Entries taken from a collection

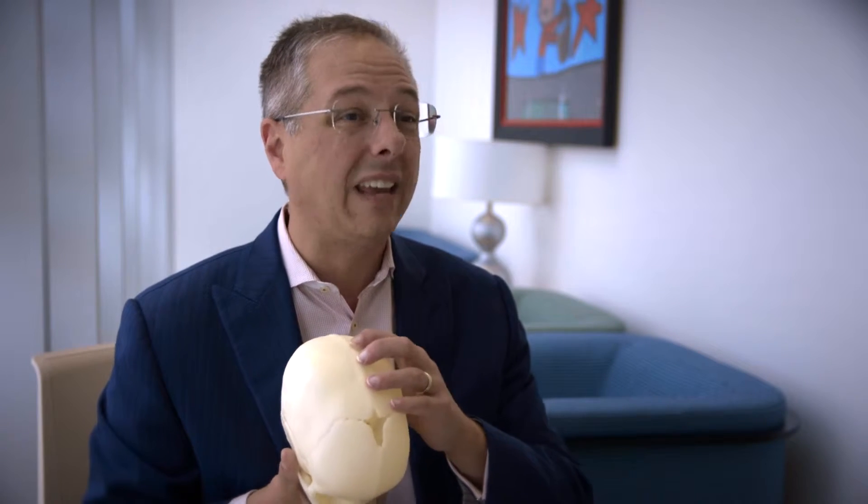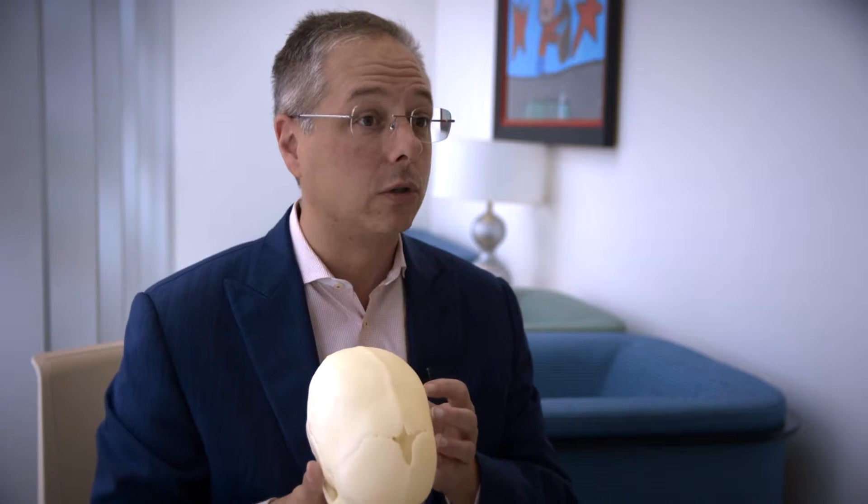For younger children our primary goal is to remove the fused suture and get rid of the abnormal growth plate. That allows us to protect and preserve the normal growth plates for future brain growth. Many bone relaxing incisions are made, all with respect to the lambdoid, the coronal, and the metopic sutures, which we keep intact. At that young age of diagnosis that lets us benefit from the growth of the brain that is still yet to come.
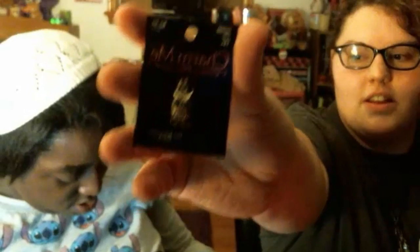Stephanie has random charms that just popped up in her box. One is an owl from Hobby Lobby.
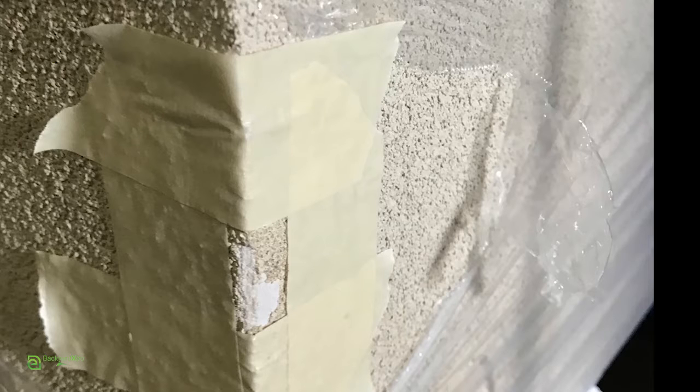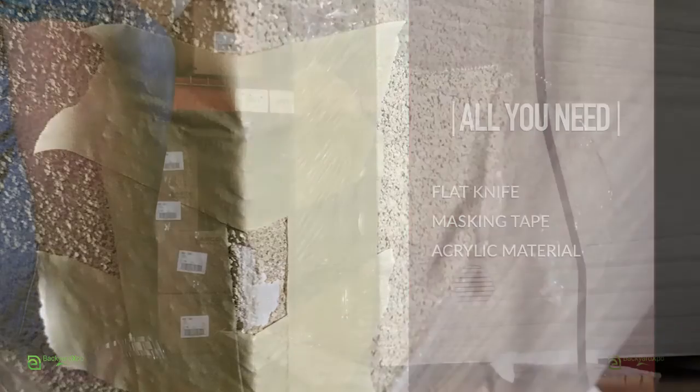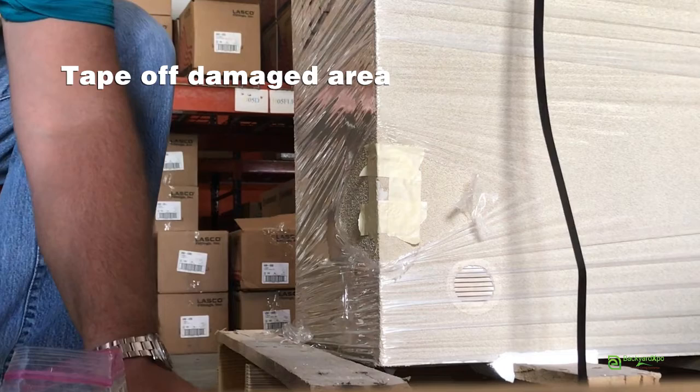Repairing a minor damaged area is simple to fix. All the tools you need are listed on this video. Tape off the damaged area, preventing wet material from getting on dry material.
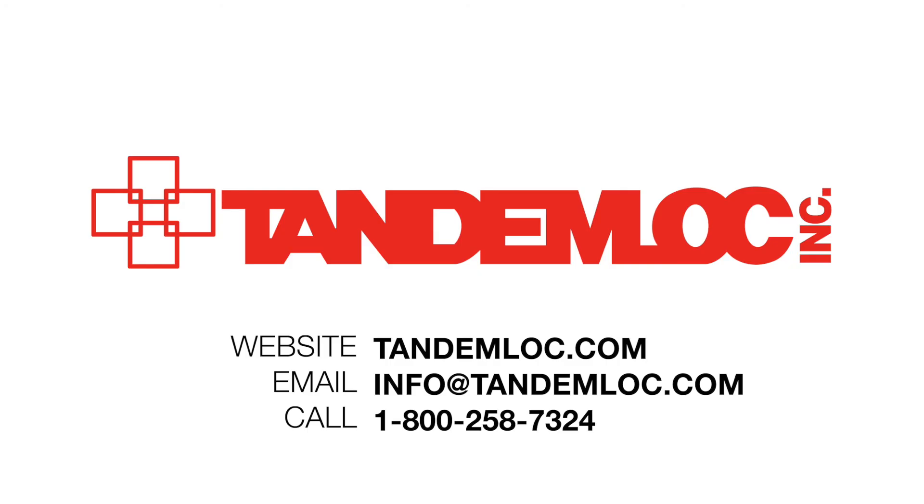If you want more information about this product or any other products, you can visit our website at Tandemlock.com. You can also reach us by emailing info@Tandemlock.com or calling 1-800-258-7324.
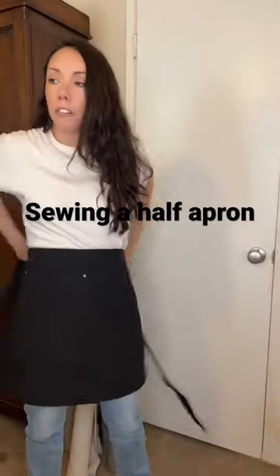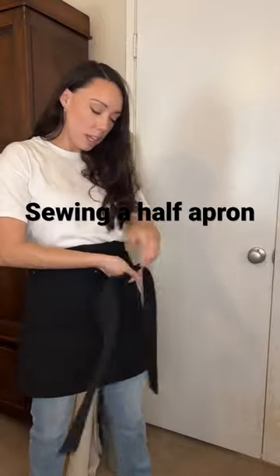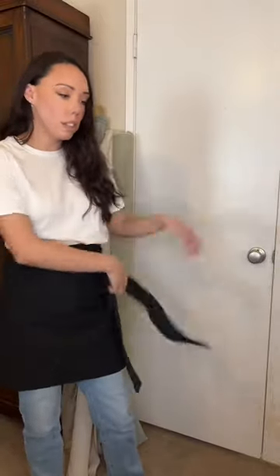I finished this half apron. I was able to cut, sew, and finish it in one day, which is kind of a miracle. I made the straps extra long so that I could tie it in the back or the front. I like to tie mine in the front, but the one change I need to make is the pockets.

### Task requirements
Retype exactly the lines above, starting at the line containing "If you want" and ending with the last line, both included; leave out the pictures.

### Result of this exercise
If you want more information about this product or any other products, you can visit our website at Tandemlock.com. You can also reach us by emailing info@Tandemlock.com or calling 1-800-258-7324.
I finished this half apron. I was able to cut, sew, and finish it in one day, which is kind of a miracle. I made the straps extra long so that I could tie it in the back or the front. I like to tie mine in the front, but the one change I need to make is the pockets.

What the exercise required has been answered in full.